博物散记 | 观察一棵树 | 樟树49周
上周剪枝之后,树愈加高挑,我站在地上,再怎么踮脚伸手,也够不着一根枝条,真是“可远观不可亵玩焉”。以前可以像穿针线一样凑在眼前仔细端详的冬芽,而今都在头顶上方一米开外,这么想来,剪枝以前的日子也是一种幸福,可惜当初茫然。
这些剪除的枝条,因为位于树冠的最底层,上方没有空间,故都微微向下倾斜生长,及至枝梢,离地也就一米六左右。但于行人无碍,树下小径紧贴着树,小径上方离树枝有两米多的空间;枝梢虽然近地,但已越过人头顶,在人侧边一臂开外。
就这棵树而言,剪枝的必要性不强。树并不妨碍人通行,也不紧邻楼房,不存在遮挡底层住户的光照和阻塞通风的弊端。相反,它低垂的树冠,可供小儿玩耍,便利我的观察,这些都是潜在的特性,潜移默化间呼唤人们亲近自然,类似于城市河道的亲水平台。
我围着树转了一圈,数了数总共有五根老枝被剪,留下五个灰白的创面。在樟树的生命历程中,接下去数年,它都要花费相当精力修复创面,阻挡菌类入侵。这倒是可以作为我日后继续观察的颇有价值的题材,只是位置很高,需要一个梯子。
上周的剪枝还是一个序曲。周日在小区转遛,除了四周都是道路的中心花园,凡紧邻楼房的树木,都被顶级修剪了。
按园艺术语,修剪方法有短截、疏枝、回缩、长放等几种。小区这回的修剪,一律的短截,而且是平头短截,只留下约四五米高的主干,主干长出的一级粗枝仅留一两米,其余的细枝悉数不留。

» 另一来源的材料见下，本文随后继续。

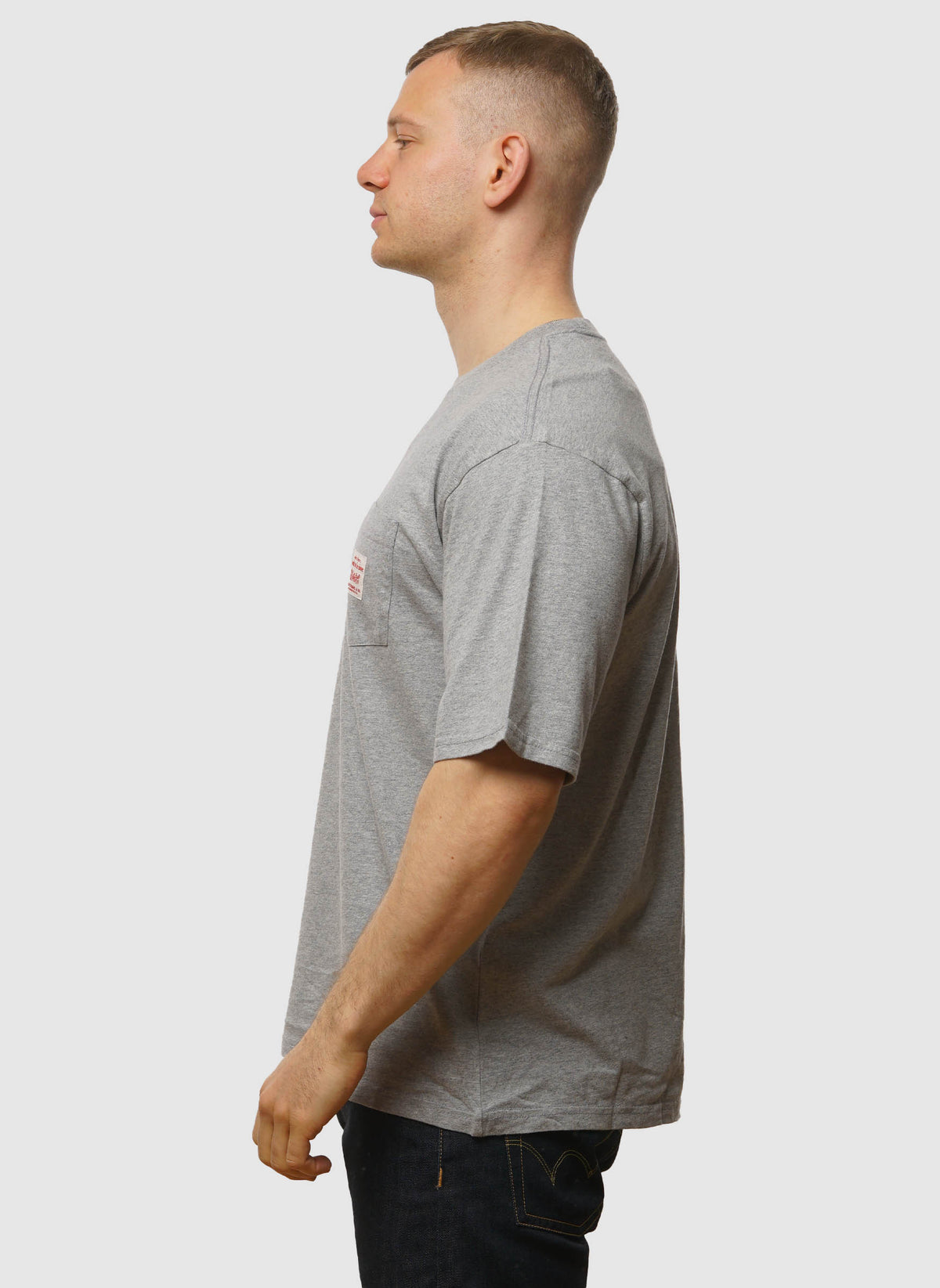 Workwear T-Shirt - Grey Heather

这番修剪之后,树冠没了,只有树桩,像老底子农村的晾晒衣架。
我数了数,整个小区像这样大手术修剪的有51棵,剪下来的—准确说应该是锯下来的—枝干就近堆放在路旁边的草地上,一路都是,加上散发的新鲜树枝的特有的清香,有置身林场之感。
小区建成入住已经十多年了,像这样大规模的修剪是头一回。查找资料,利用冬季树木休眠期开展集中修剪是例行园艺作业,也有一整套审批流程,似乎难以置喙。但是,树虽然都临近楼房,但有远有近,有南有北,有正对有斜角,不细察各种具体情形,一律采取这么大幅度的修剪,有过于简单粗暴之嫌。
现在修剪成这样,纵然是树,要恢复元气,重新枝繁叶茂,需要好几年甚至十多年,不排除有些树从此一蹶不振甚至最终枯死。树就在身边,我给每一棵修剪了的树都拍了照,编了号,往后数年,我将定期跟踪观察,作为我的一个大型长期自然观察项目。

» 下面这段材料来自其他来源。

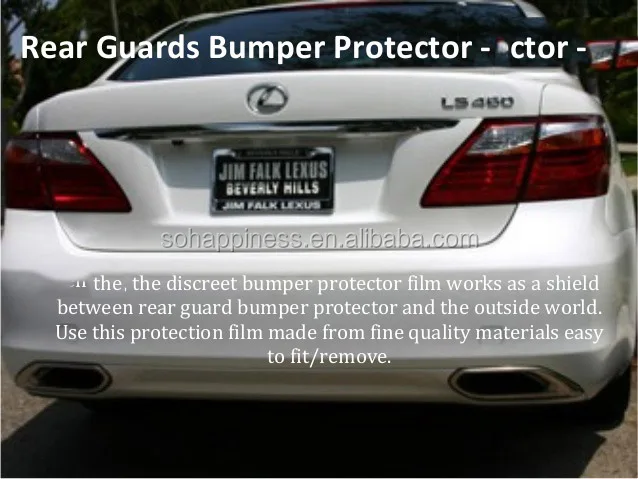 Universal Fit Rear Bumper Butler Bumper Guard Protector New Improved 2021 Version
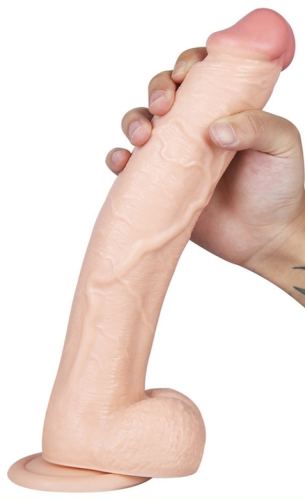 Realistic Dildo ENZO 23.5 x 5.2cm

就算这里的51棵树都需要修剪,都需要大手术,是否必须集中修剪,可否分期分批间隔修剪呢?集中修剪,对整个小区花园生态构成很大的冲击,包括在这里栖身与觅食的鸟类。按照今年辞世的美籍华裔人文地理学大家段义孚先生的观点,这种大规模集中修剪,也是对小区居民家园感的伤害。
家园感也已成为一个老旧的名词。都元宇宙了,到底什么是家园?小区、街道,还是城市?或者酒店、空港,抑或虚拟空间?谁叫现在是流动的现代性呢?一百五十多年前,马克思早就说过,一切坚固的东西都已烟消云散了。
但我对这次大规模修剪的体验,的确是家园感受到冲击。一出单元楼门,习惯性地两边看看,惊觉右边的视觉落空,门前右首的一棵无患子树,整个树冠消失了,留下的与其说是树,不如说是树的纪念,树形雕塑。
斜对面一幢门前的这棵银杏树,上周还是一树金黄,枝桠交错,自成一个小世界,让人在树下可以久久仰望。而今呢?
今年早春时节,有天晚上我在小区里散步,经过一幢楼门口,眼前突然一亮。一棵高大的樱花树,繁花满枝,一身雪白,在夜色中陡然浮现,像一艘潜水艇突然升出平静的海面。花香可袭人,花颜能撞身,樱花烂漫的时候,就是有那么大的视觉冲击力,平常的夜色无法埋没它。
那一幕深深刻印在我脑海,成为我私藏的园中标志性景观之一。可那棵树也被修剪了,那能撞身的花颜,何时能回来呢?